Caleb Balderstone entra alors pour annoncer que le déjeuner était servi ; car dans ces temps, où les repas étaient plus substantiels qu’à notre époque, les restes du souper fournissaient amplement au déjeuner du lendemain. Il n’oublia pas non plus de présenter au lord garde des sceaux la boisson du matin dans une grande tasse d’étain, ornée de feuilles de persil et de cresson. Il demanda pardon d’avoir omis de la servir dans la grande tasse d’argent, ainsi qu’il aurait dû le faire ; mais on l’avait envoyée à Édimbourg, chez un orfèvre, pour la faire dorer.

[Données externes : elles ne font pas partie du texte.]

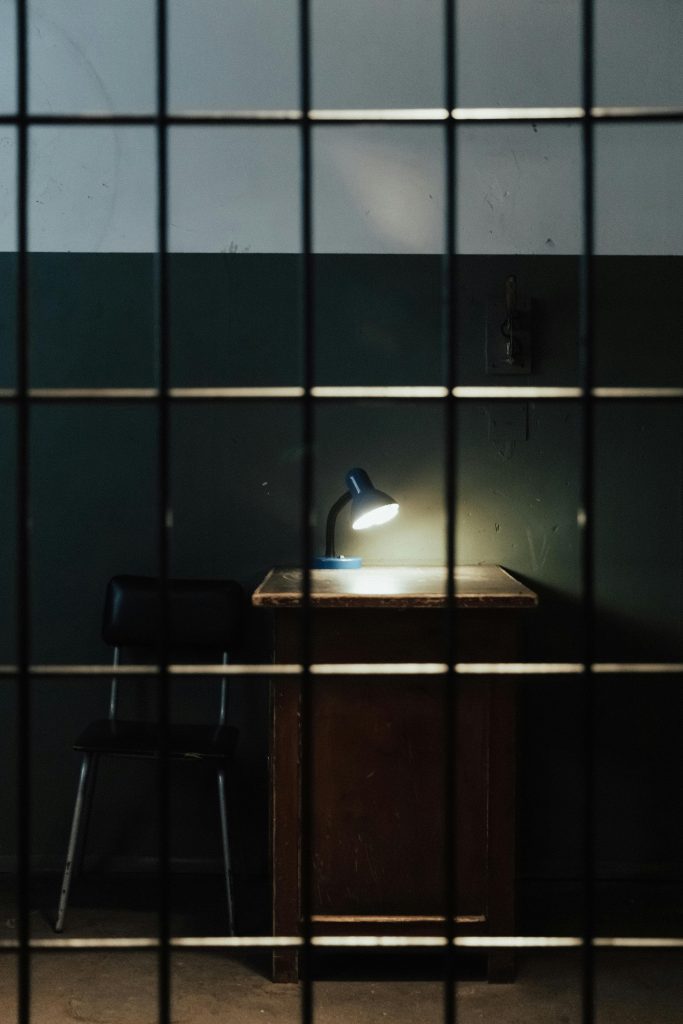 A dimly lit prison cell with a lamp on a table behind bars.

« Il est très vrai qu’elle est à Édimbourg, dit Ravenswood ; mais où, et pourquoi, j’ai bien peur que ni vous ni moi nous ne le sachions. — Ce que je sais, » dit Caleb avec humeur, « c’est qu’il s’est présenté un homme à la grille ce matin. Votre Honneur sait-il s’il veut lui parler ou non ? — Désire-t-il me parler, Caleb ? — Il ne demande pas autre chose ; mais vous ferez bien de jeter un coup d’œil à travers le guichet avant d’ouvrir la porte ; il ne faut pas laisser entrer tout le monde dans le château. — Quoi ! pensez-vous que ce soit un huissier qui vienne m’arrêter pour dette ? dit Ravenswood. — Un huissier arrêter Votre Honneur pour dette, et dans votre château de Wolf’s-Crag ! Votre Honneur a envie de rire avec Caleb ce matin. » Cependant il lui parla bas à l’oreille en le suivant dehors. « Je ne voudrais pas faire tort à un honnête homme dans votre opinion, mais je vous engage à regarder à deux fois ce drôle avant de le laisser pénétrer dans ces murs. »

Ce n’était pas un officier de la justice, néanmoins ; car c’était le capitaine Craigengelt, dont le nez était aussi rouge qu’il pouvait l’être à la suite d’une copieuse libation. Son chapeau galonné était un peu de côté sur sa perruque noire ; il avait une épée au côté et des pistolets d’arçon. Il portait un habit de cavalier, garni d’un galon usé, et il offrait le portrait d’un voleur de grand chemin.